§ **How to complete this task**
Set down, exactly as written, the lines from the top of the data to the line that holds "Carpenter Carpentry Wooden", and omit the pictures.

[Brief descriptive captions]
-- -- --

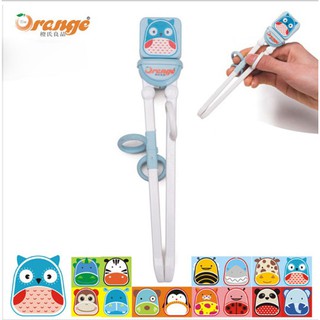 Đũa Tập Ăn Xỏ Ngón Cho Bé Hoạt Hình Orange (Xanh dương)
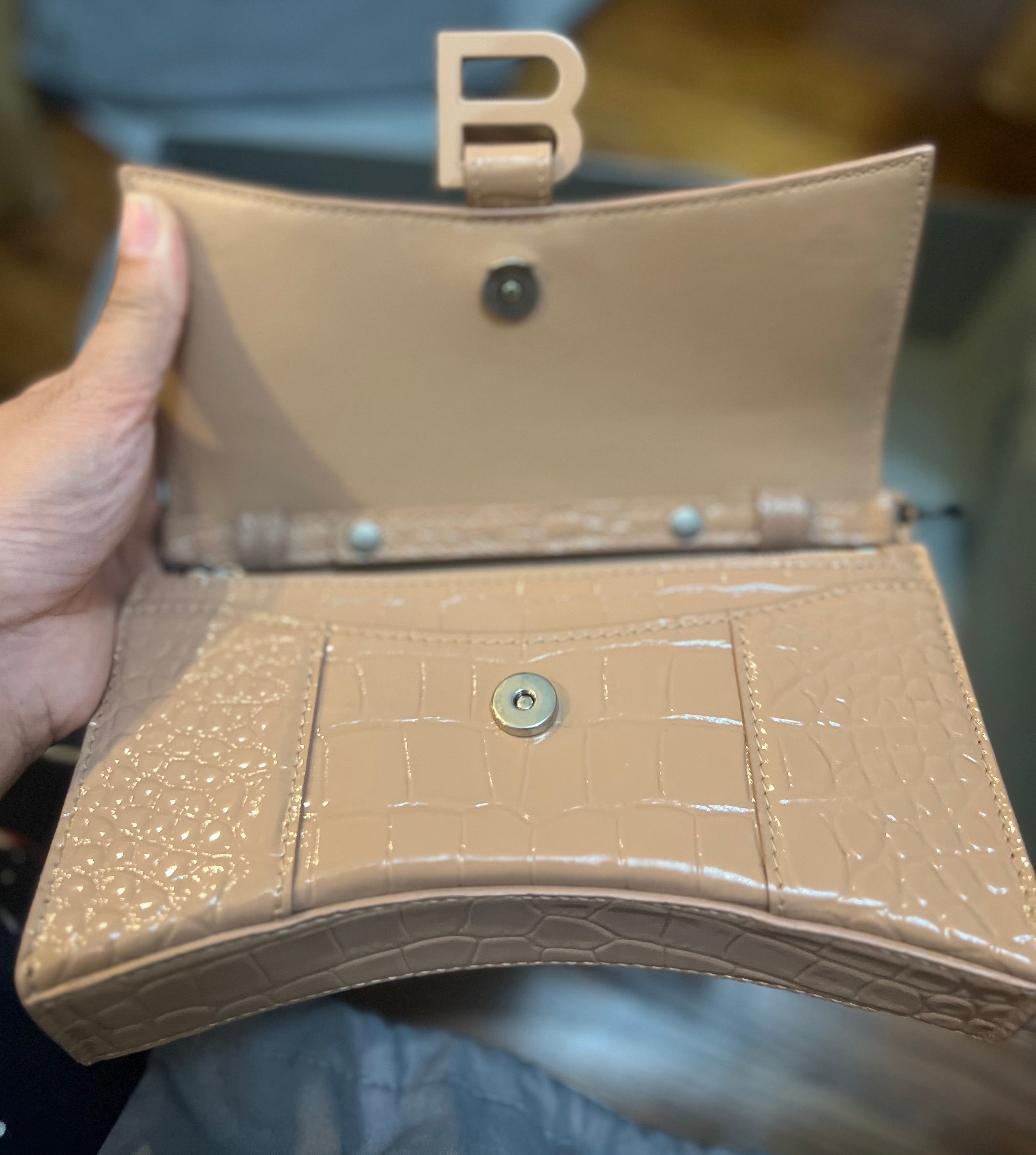 Balenciaga Hourglass WOC Croc Monochrome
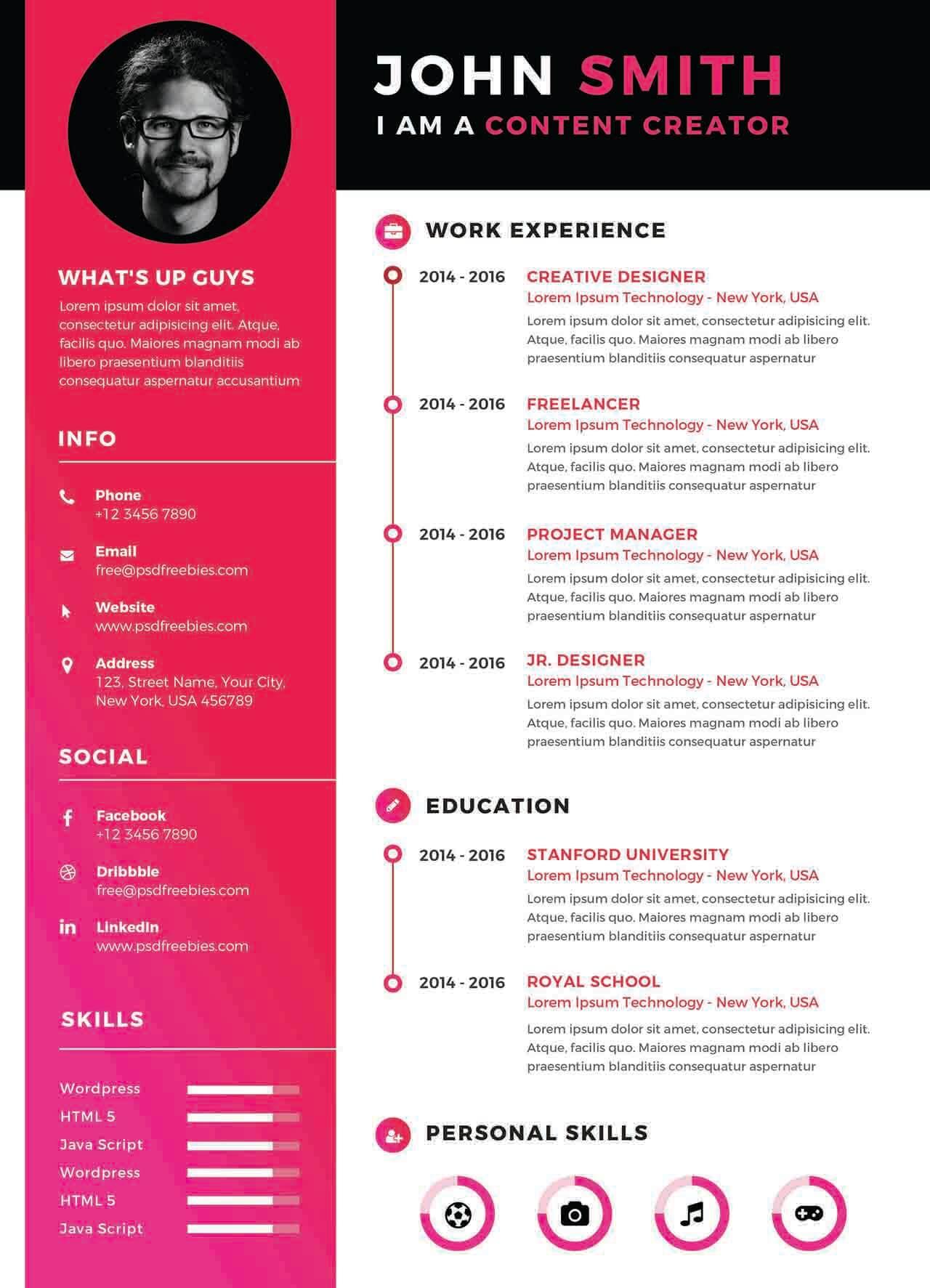 CV4Free - Modern Resume CV Template Free PSD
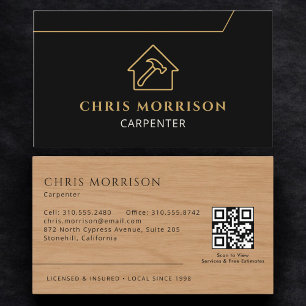 Carpenter Carpentry Wooden QR Code Business Card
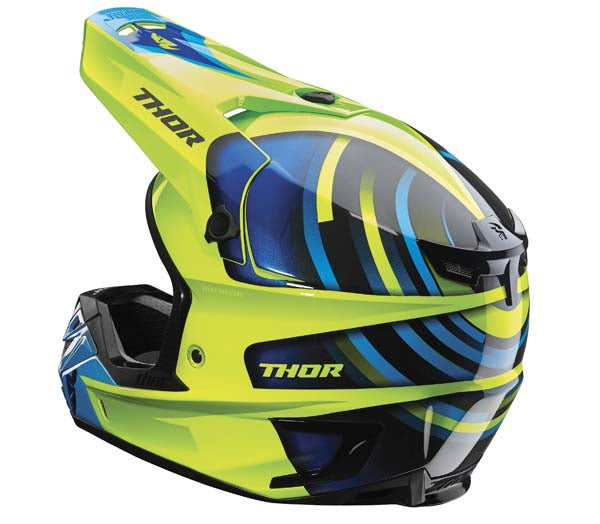 Studio view of Thor - Verge Vortechs Helmet helmet helmet, vented chin bar and intake ports, on a clean white background, (SKU 011047) Colors: Flo Green and Navy Sizes: M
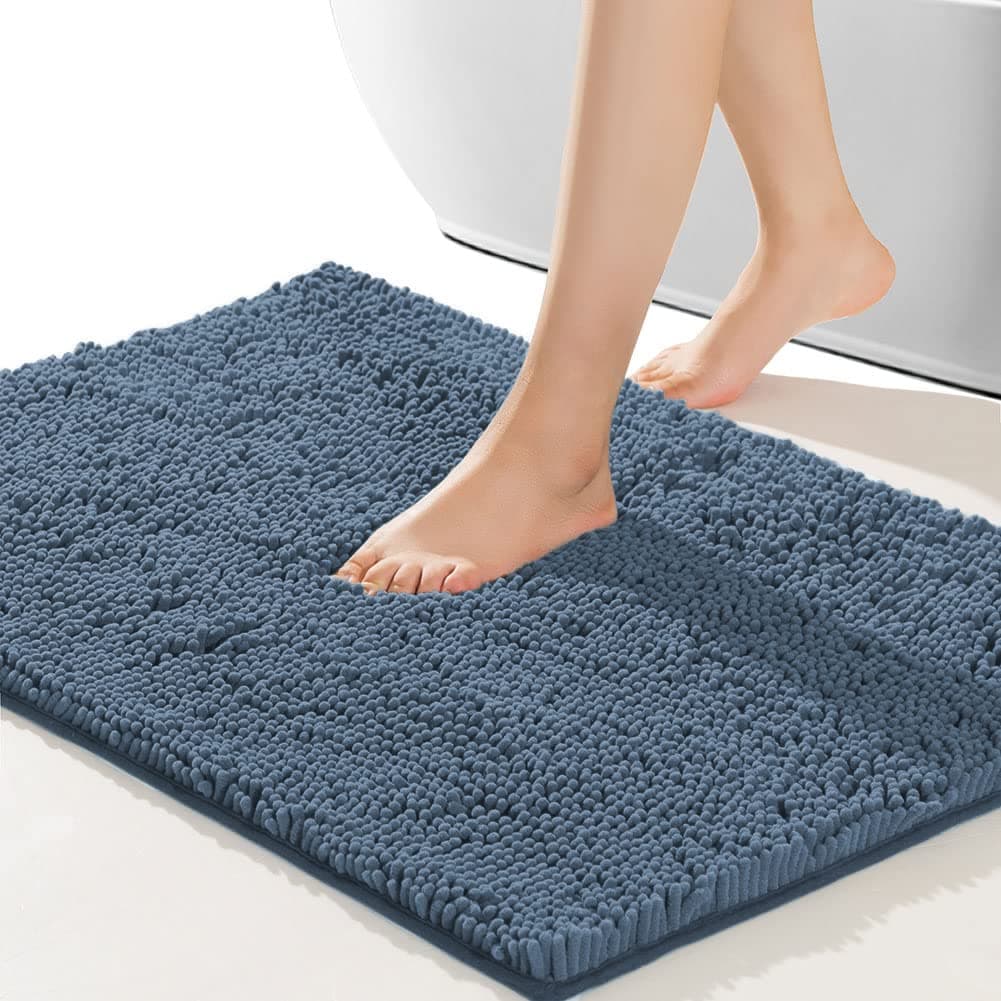 SONORO KATE Bathroom Rug,Non-Slip Bath Mat,Soft Cozy Shaggy Thick Bath Rugs for Bathroom,Plush Rugs for Bathtubs,Water Absorbent Rain Showers and Under The Sink (Lake Blue, 36"×24")OEKO-TEX STANDARD 100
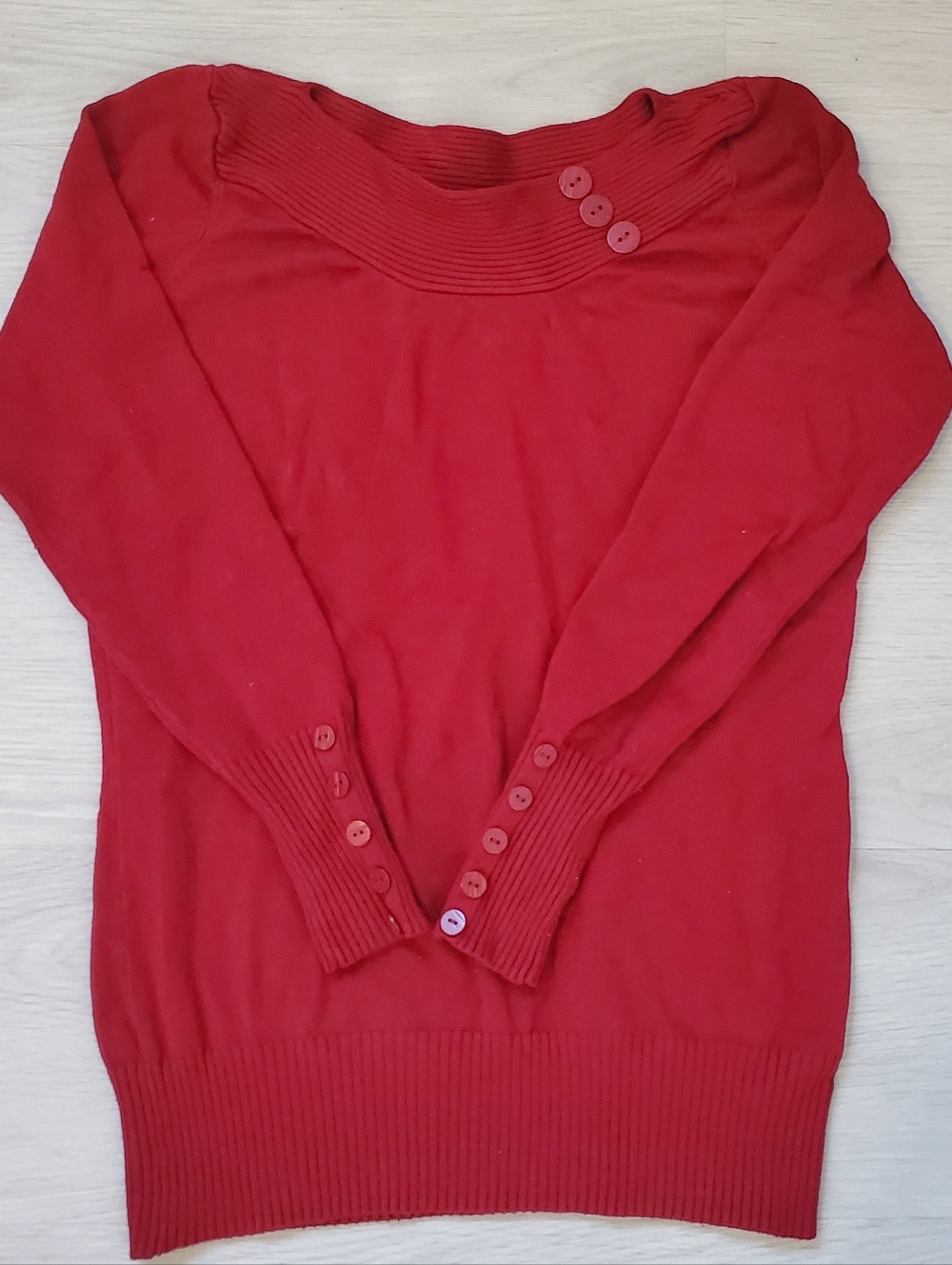 Cleo Red Boatneck Sweater with Button Accents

-- -- --

§ **Result of the exercise**
 Đũa Tập Ăn Xỏ Ngón Cho Bé Hoạt Hình Orange (Xanh dương)
 Balenciaga Hourglass WOC Croc Monochrome
 CV4Free - Modern Resume CV Template Free PSD
 Carpenter Carpentry Wooden QR Code Business Card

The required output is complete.